In those days, learning about the systematic injustice faced by Black Americans and calling for change felt popular. Everyone was doing it. Books like The New Jim Crow by Michelle Alexander, Why I’m No Longer Talking to White People About Race by Reni Eddo-Lodge, The Color of Law by Richard Rothstein, and How to be an Anti-Racist by Ibram X. Kendi filled our Amazon carts and library holds. 

These days, many of those books have quietly disappeared from the shelves. For sure, there are those who continue to fight for racial equality. But the winds have changed, with some companies - like Conde Nast - landing on one side, while Google, Meta and Amazon disappear from the horizon. 

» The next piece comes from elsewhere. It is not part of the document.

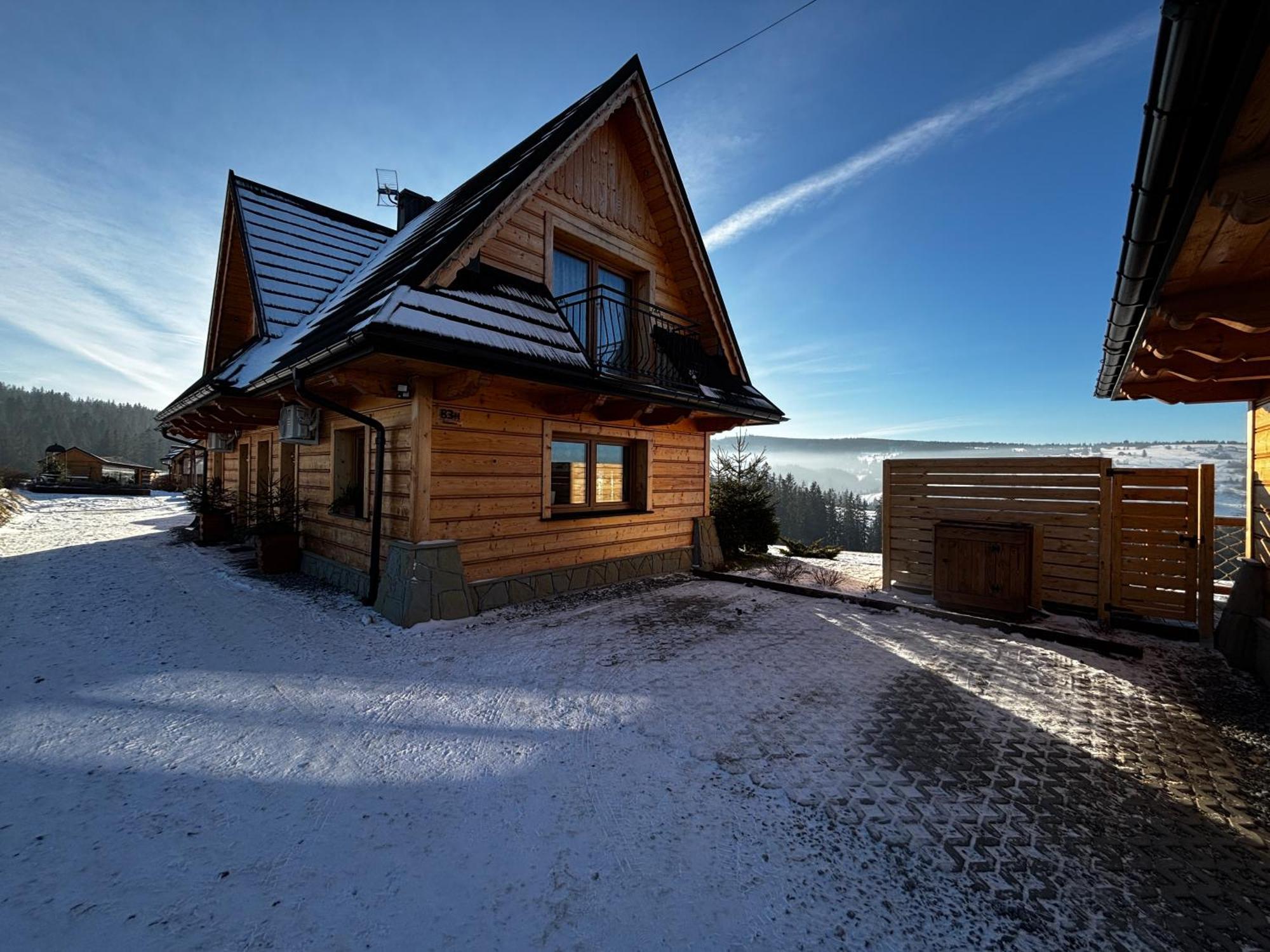 Witowianskie Domki Z Kominkiem, Jacuzzi I Sauna Dzianisz 외부 사진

It’s easier to flip through beautiful images and call it a day, than to be a part of real, diverse communities.

It might seem obvious that brands are not the best source for our moral formation. But the fact is that many of them see themselves as culture-forming and mission-driven. If you don’t have something else to help form your idea of what the world should look like, why not Vogue, with its picture-perfect editorials, or Google, with its future-facing innovations? 

For me, my beliefs in diversity and racial justice come from something stronger: my Christian faith and the many Black men and women globally who share this faith with me. It was my reading of Black Liberation theologian James Cone that first showed me the depths of beauty I could gain by understanding my faith through someone else’s perspective. Cone was famous for his book which drew parallels between Jesus’s death on the cross by Roman crucifixion, and the deaths of many Black men by lynching in the American South. Cone stopped me in my tracks, making me rethink a key symbol of my faith. He said this: 

“The cross has been transformed into a harmless, non-offensive ornament that Christians wear around their necks. Rather than reminding us of the “cost of discipleship,” it has become a form of “cheap grace,” an easy way to salvation that doesn’t force us to confront the power of Christ’s message and mission. Until we can see the cross and the lynching tree together, until we can identify Christ with a “recrucified” black body hanging from a lynching tree, there can be no genuine understanding of Christian identity in America, and no deliverance from the brutal legacy of slavery and white supremacy.”

It won’t make it into a Vogue editorial anytime soon– but maybe that’s the point. 

A faith-based belief in justice comes with challenges. It can feel tiring to face a troubled history of racism in a religious institution. Existing in diverse, faith-based communities brings everything from awkward cultural differences to true and genuine disagreements. The global Anglican communion faces tension between white, liberal progressives in the UK who want to celebrate gay marriage in the Church of England, and an assemblage of Christians of colour in the Global South who maintain strong convictions about traditional views of marriage and gender. Our faith in Christ is the anchor that holds us together. But these are real disagreements; they’re not trivial, and there’s no easy way forward. 

It’s easier to flip through beautiful images and call it a day, than to be a part of real, diverse communities. And this is why we can’t rely on people like Anna Wintour to form our vision for the future. As nice and important as it is to promote diversity in models, photographers, and designers, ultimately Vogue will be shaped by what its editors and publishers think will sell on the newsstand.  

This is my plea for us all. Let’s not let the shifting tides of any company– Meta or Vogue– decide our ethical convictions towards justice. Let’s rely on something stronger.